Sauver Le Tirailleur Du Racisme Colonial

Le président Sankara a dit un jour : « L’impérialisme est dans nos plats ». Aujourd’hui, la colonialité est dans les imaginaires que nous perpétuons. C’est dans cette perspective qu’il faut lire les déclarations du Président Macky Sall sur les « tirailleurs sénégalais ».

On sait que les soldats africains ont vécu l’horreur. En guise de reconnaissance, la France leur a servi le mépris pour toujours et la sauvagerie, comme au Camp Thiaroye en  décembre 1944. On sait aussi l’état d’esprit suprémaciste de la France coloniale.

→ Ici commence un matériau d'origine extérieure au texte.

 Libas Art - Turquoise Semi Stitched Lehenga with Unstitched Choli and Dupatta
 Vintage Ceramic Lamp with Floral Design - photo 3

On se remémore la déclaration d’Adolphe Messimy, ministre français de la Guerre en 1911 qui, pour justifier devant l’opinion européenne l’enrôlement des Africains dans la Première Guerre mondiale, dit ceci : « L’Afrique noire nous a coûté des millions de soldats, des monceaux d’or et des flots de sang (sic), mais les hommes et le sang, elle doit nous les rendre avec usure ». Pour Messimy, l’Afrique est redevable à l’Occident qui lui « a apporté la civilisation ».

Décoloniser les représentations

Pour Macky Sall c’est ça l’amitié… Et puis, je vois mal comment on peut se targuer de l’amitié d’un bourreau parce que, soit disant, il vous nourrirait mieux qu’il ne nourrit vos propres frères… Passons ! Oui passons, l’heure n’est plus aux lamentations ou à l’apitoiement sur notre sort. Il est juste temps de décoloniser les représentations dans le sillage de la décolonisation des savoirs.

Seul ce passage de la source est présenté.